How can machine learning (ML) assist an overworked Compliance Officer? In February, I wrote a blog post about our plans to utilize machine learning in FA. Now it’s time for a follow-up!
Many of our clients are obligated to perform anti-money laundry (AML) monitoring, which entails identification of suspicious or otherwise noteworthy financial activity and reporting it to authorities. Exactly how this should be done is open to interpretation. Complying with AML regulations includes things such as:
- Reporting cash transfers that exceed a specific value: individual large transactions, but also multiple smaller transactions that add up to a significant amount within a limited time.
- Recording where funds originated, and comparing a client’s background information with his or her financial activity.
Without good tools, these obligations can eat up plenty of valuable time and resources that would be better spent elsewhere. Luckily, FA Platform includes tools to make these (and other) regulatory obligations easier to manage.
Flagging and reporting transactions that exceed a predefined monetary value is straightforward. We built a convenient tool for doing just that – check out our Compliance processes in AppStore. We did not need machine learning to achieve that. But how can we spot changes in a client’s behaviour? That’s where machine learning comes into play.
Automatically detecting changes in financial activity
Machine learning is not easy. You can’t just throw a bunch of raw data at a machine learning algorithm and expect meaningful results. Creating a useful analytical tool takes lots of tweaking as well as trial and error. For the sake of brevity, I will skip straight to summarizing how our soon-to-be-released tool looks for changes in behaviour.
Indicators: total number of deposits + withdrawals, and total volume of cashflows (value of deposits plus value of withdrawals).
Data pre-processing: to make data comparable, we averaged both indicators to weekly values, and normalized them (scaled to a range of 0-1). The volume of cashflows figure was scaled logarithmically.
Algorithm: predefined categories of this kind of client behaviour usually don’t exist, so we approached the problem as an unsupervised learning task. We cluster clients based on the indicators above to end up with groups that represent varying types of cash transfer activity. The idea is to categorize clients’ activity during different periods of time to see if they jump from one category to another. This kind of jump represents a change in behaviour, which is what we are looking for. Our initial clustering algorithm of choice is K-means, which is a simple but powerful clustering algorithm. We are also looking to use Gaussian mixture model as an alternative algorithm.
Reducing false positives: are we interested in a client who is close to the edge of two different groups, and whose slight change in behaviour barely pushes him over the edge? Usually we are not, so we built in an option to minimize these kinds of results.

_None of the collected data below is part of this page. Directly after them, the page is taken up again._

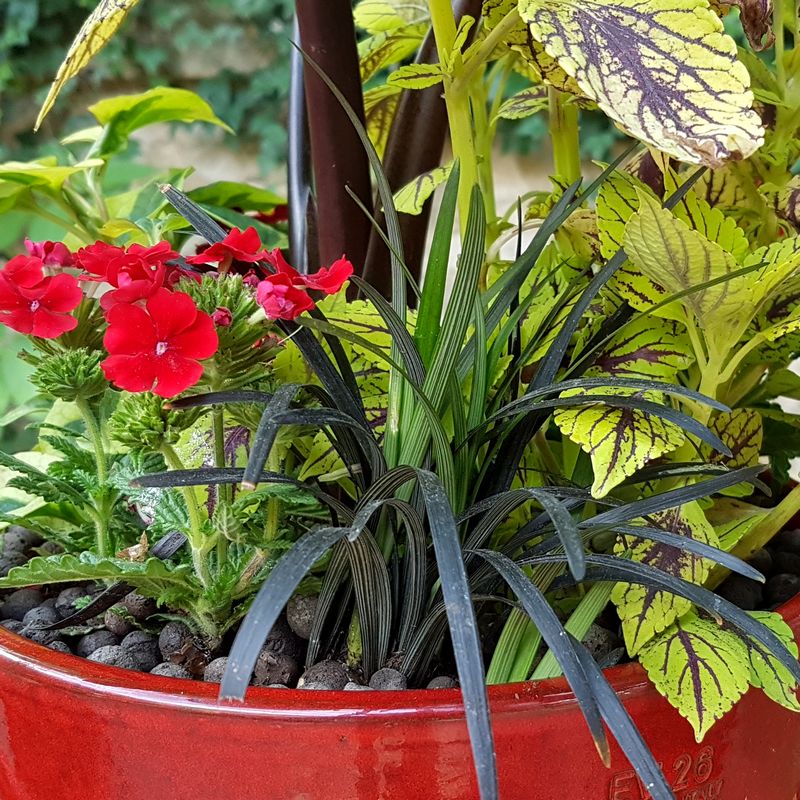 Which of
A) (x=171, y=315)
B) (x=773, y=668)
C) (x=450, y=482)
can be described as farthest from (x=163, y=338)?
(x=773, y=668)

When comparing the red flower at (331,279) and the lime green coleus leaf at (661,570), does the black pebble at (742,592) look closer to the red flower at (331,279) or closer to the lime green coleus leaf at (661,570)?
the lime green coleus leaf at (661,570)

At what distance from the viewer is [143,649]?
1.33 ft

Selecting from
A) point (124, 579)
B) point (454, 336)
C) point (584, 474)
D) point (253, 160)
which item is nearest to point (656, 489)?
point (584, 474)

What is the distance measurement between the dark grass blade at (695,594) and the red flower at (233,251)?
16 cm

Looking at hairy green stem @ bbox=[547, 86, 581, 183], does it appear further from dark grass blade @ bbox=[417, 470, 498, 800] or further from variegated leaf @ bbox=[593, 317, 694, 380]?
dark grass blade @ bbox=[417, 470, 498, 800]

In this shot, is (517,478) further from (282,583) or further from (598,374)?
(282,583)

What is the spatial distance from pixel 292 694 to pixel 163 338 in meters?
0.13

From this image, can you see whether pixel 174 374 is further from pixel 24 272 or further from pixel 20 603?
pixel 20 603

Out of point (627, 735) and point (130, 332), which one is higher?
point (130, 332)

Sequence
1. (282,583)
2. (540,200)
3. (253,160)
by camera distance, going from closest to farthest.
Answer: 1. (282,583)
2. (540,200)
3. (253,160)

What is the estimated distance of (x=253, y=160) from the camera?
7.45ft

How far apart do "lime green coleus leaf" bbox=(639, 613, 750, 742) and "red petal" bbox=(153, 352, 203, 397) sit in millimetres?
193

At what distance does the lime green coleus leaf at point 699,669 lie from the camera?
13.0 inches

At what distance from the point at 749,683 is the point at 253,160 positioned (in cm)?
209
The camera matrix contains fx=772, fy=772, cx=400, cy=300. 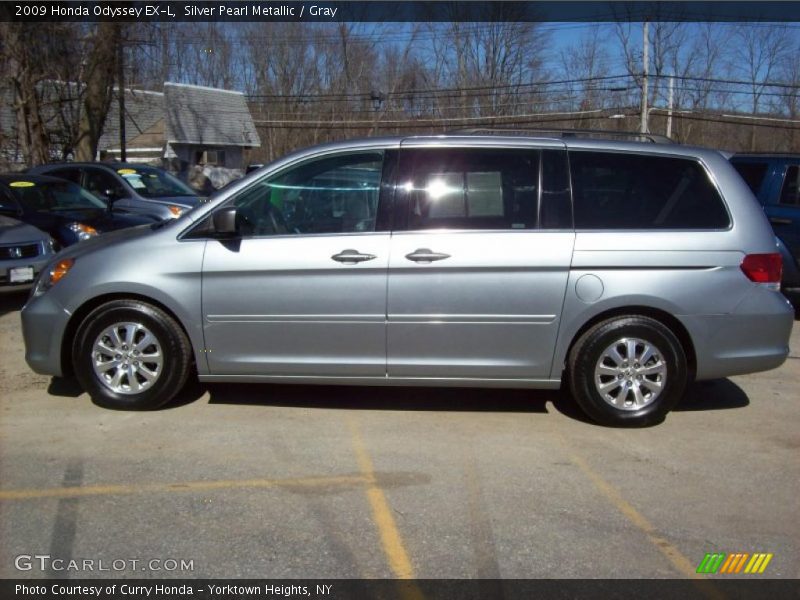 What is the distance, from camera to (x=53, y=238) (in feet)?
31.1

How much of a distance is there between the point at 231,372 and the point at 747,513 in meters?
3.22

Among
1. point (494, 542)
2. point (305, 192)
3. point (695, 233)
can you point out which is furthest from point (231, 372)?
point (695, 233)

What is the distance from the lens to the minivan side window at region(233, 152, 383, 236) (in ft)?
16.7

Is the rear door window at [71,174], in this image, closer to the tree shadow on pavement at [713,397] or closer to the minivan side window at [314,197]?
the minivan side window at [314,197]

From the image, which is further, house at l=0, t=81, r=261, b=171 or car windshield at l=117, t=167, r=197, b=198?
house at l=0, t=81, r=261, b=171

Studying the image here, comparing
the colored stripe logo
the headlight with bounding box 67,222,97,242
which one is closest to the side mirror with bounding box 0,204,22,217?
the headlight with bounding box 67,222,97,242

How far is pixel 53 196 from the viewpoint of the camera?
10.8 metres

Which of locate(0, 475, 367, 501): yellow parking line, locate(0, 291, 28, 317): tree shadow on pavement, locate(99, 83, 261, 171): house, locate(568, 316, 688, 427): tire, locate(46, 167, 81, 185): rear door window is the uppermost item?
locate(99, 83, 261, 171): house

Productization of machine learning
Productization around machine learning often means productizing services. An example of a productized machine learning service is a project wherein a data scientist works with the clients’ data for a few days, weeks or months. The outcome of this project is the analysed data as well as the results, usually packaged into a pretty report. Others have gone further in their productization efforts and sell various kinds of machine learning tools directly.
We chose the latter approach: our goal was to produce an analytical tool that you can easily use yourself, directly within FA Platform. That is what we have been working on, and that is what you can expect to find in AppStore in the coming weeks.
What’s next?
AML is just one of many areas where users of FA could benefit from machine learning techniques. Now, as the development of our AML process is winding down, our focus turns towards new projects. The next topics we will focus on include adding intelligence to data imports as well as outlier detection – automatically spotting errors in data.